Reality As A Quantum Mechanical Holographic Simulation
Why are we here and what are we in?
I spend a fair amount of time wondering why I exist and why we are all here on this planet in this unfathomably huge cosmos. I think that figuring it out is our assignment – the goal of the game. I don’t rule out some creation entity that may have triggered the Big Bang, or some other event that may have occurred before that moment, but I am not content simply accepting our existence on faith and without question. I am not a scientist, but since I first looked into the night sky and understood that stars were very distant suns, I have been trying to answer the “why are we here and what are we in” questions. I don’t think I will be the one to answer these fundamental questions, but it doesn’t stop me from trying. History is filled with answers to once intractable questions, so we should be encouraged, not discouraged, as we confront the most difficult questions.
In this writing I will present three concepts, that may or may not be related, regarding our existence. There is some hard science, some hypothesis and some thought that is best classified as empirically-based metaphysical philosophy.
In the following article from 2002, the late, legendary John Wheeler explains his quantum mechanical view of the universe.
Does the Universe Exist if We’re Not Looking? – Discover
John Wheeler, scientist and dreamer, colleague of Albert Einstein and Niels Bohr, mentor to many of today’s leading physicists, and the man who chose the name “black hole” to describe the unimaginably dense, light-trapping objects now thought to be common throughout the universe, turned 90 last July. He is one of the last of the towering figures of 20th-century physics, a member of the generation that plumbed the mysteries of quantum mechanics and limned the utmost reaches of space and time. After a lifetime of fundamental contributions in fields ranging from atomic physics to cosmology, Wheeler has concerned himself in his later years with what he calls “ideas for ideas.”
“I had a heart attack on January 9, 2001,” he says, “I said, ‘That’s a signal. I only have a limited amount of time left, so I’ll concentrate on one question: How come existence?’”
The basis of Wheeler’s view of the universe centers on the strange world of quantum mechanics, which is not a hypothetical concept, but a sound and tested theory regarding the behavior of atomic scale particles. A central tenet of quantum theory is that matter possesses the quality of both particles and waves and that observation of that matter determines its state. This quality of matter is accepted as scientific fact and has been exhibited in countless tests over the past 200 years.

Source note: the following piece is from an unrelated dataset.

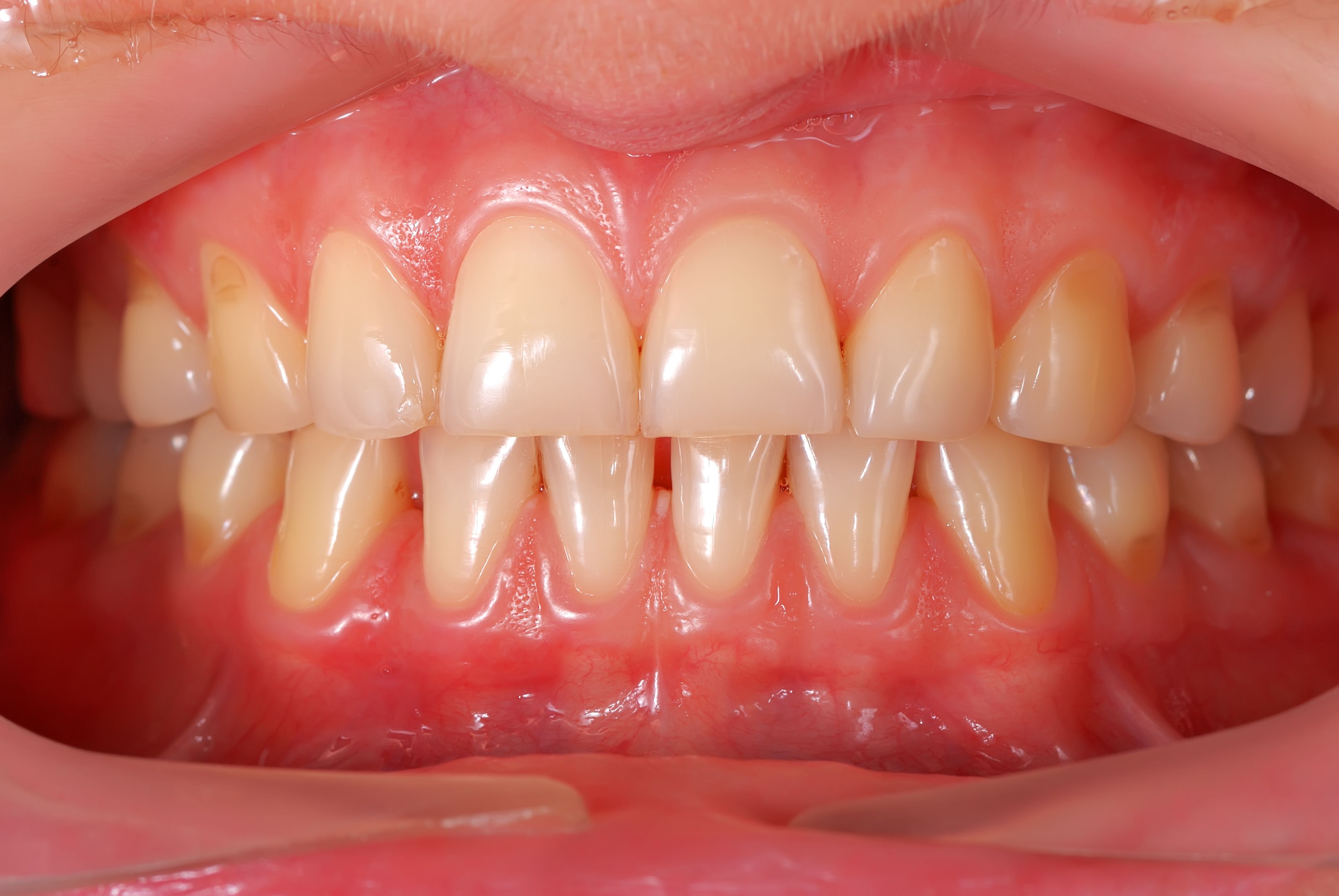 Periodoncia: Tratamientos de Clínica Dental Morilla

Wheeler provides a large scale model of the double-slit experiment to show that observation of matter can even shape the past.
To demonstrate, he sketches a diagram on a scrap of paper. Imagine, he says, a quasar— a very luminous and very remote young galaxy. Now imagine that there are two other large galaxies between Earth and the quasar. The gravity from massive objects like galaxies can bend light, just as conventional glass lenses do. In Wheeler’s experiment the two huge galaxies substitute for the pair of slits; the quasar is the light source. Just as in the two-slit experiment, light— photons— from the quasar can follow two different paths, past one galaxy or the other.

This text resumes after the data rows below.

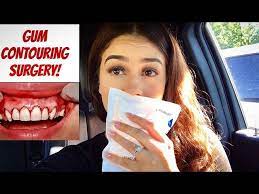 June 4, 2020 · how can we turn an average smile into a dazzling work of art? Gum Contouring Surgery Procedure Vlog My Experience Youtube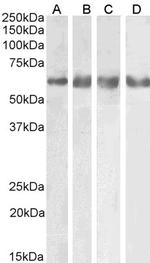 GABRG2 Antibody in Western Blot (WB)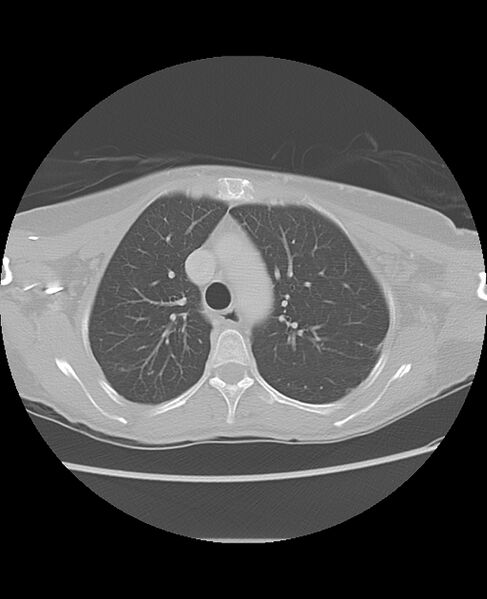 File:Chondrosarcoma (Radiopaedia 79427-92532 Axial lung window 17).jpg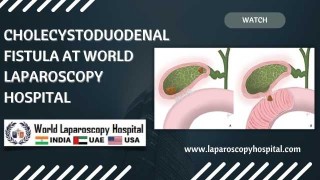 Reinforced Recovery: Laparoscopic IPOM Plus Technique for Ventral Hernia Reconstruction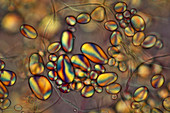 Potato starch grains, light micrograph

Suppose that on Earth, some astronomers decide to observe the quasars. In this case a telescope plays the role of the photon detector in the two-slit experiment. If the astronomers point a telescope in the direction of one of the two intervening galaxies, they will see photons from the quasar that were deflected by that galaxy; they would get the same result by looking at the other galaxy. But the astronomers could also mimic the second part of the two-slit experiment. By carefully arranging mirrors, they could make photons arriving from the routes around both galaxies strike a piece of photographic film simultaneously. Alternating light and dark bands would appear on the film, identical to the pattern found when photons passed through the two slits.
Here’s the odd part. The quasar could be very distant from Earth, with light so faint that its photons hit the piece of film only one at a time. But the results of the experiment wouldn’t change. The striped pattern would still show up, meaning that a lone photon not observed by the telescope traveled both paths toward Earth, even if those paths were separated by many light-years. And that’s not all.

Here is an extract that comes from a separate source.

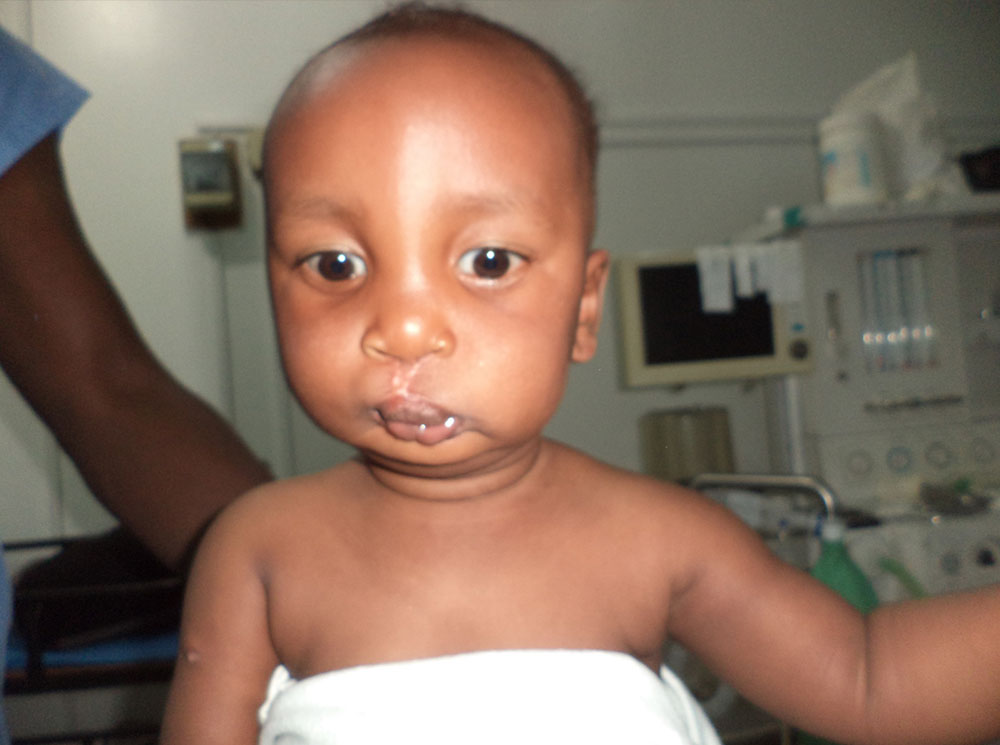 Eric after cleft surgery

By the time the astronomers decide which measurement to make— whether to pin down the photon to one definite route or to have it follow both paths simultaneously— the photon could have already journeyed for billions of years, long before life appeared on Earth. The measurements made now, says Wheeler, determine the photon’s past. In one case the astronomers create a past in which a photon took both possible routes from the quasar to Earth. Alternatively, they retroactively force the photon onto one straight trail toward their detector, even though the photon began its jaunt long before any detectors existed.
This sounds fantastic and absurd, but this very thought experiment was proven by physicists at the University of Maryland in 1984.
Wheeler’s idea was that current and historical reality is shaped by observation, but primarily by particles that interact with other particles.
Wheeler suspects that most of the universe consists of huge clouds of uncertainty that have not yet interacted either with a conscious observer or even with some lump of inanimate matter. He sees the universe as a vast arena containing realms where the past is not yet fixed.
What truly intrigues me is that Wheeler’s ideas, while straying a bit from hard science, are based on the known qualities of matter. Simple observation and interaction may be constantly creating our reality and our past.
The below article, from January of this year, explains how a team in Germany looking for gravitational waves may have stumbled upon the “pixels” of reality.
Our world may be a giant hologram – New Scientist
For many months, the GEO600 team-members had been scratching their heads over inexplicable noise that is plaguing their giant detector. Then, out of the blue, a researcher approached them with an explanation. In fact, he had even predicted the noise before he knew they were detecting it. According to Craig Hogan, a physicist at the Fermilab particle physics lab in Batavia, Illinois, GEO600 has stumbled upon the fundamental limit of space-time – the point where space-time stops behaving like the smooth continuum Einstein described and instead dissolves into “grains”, just as a newspaper photograph dissolves into dots as you zoom in. “It looks like GEO600 is being buffeted by the microscopic quantum convulsions of space-time,” says Hogan.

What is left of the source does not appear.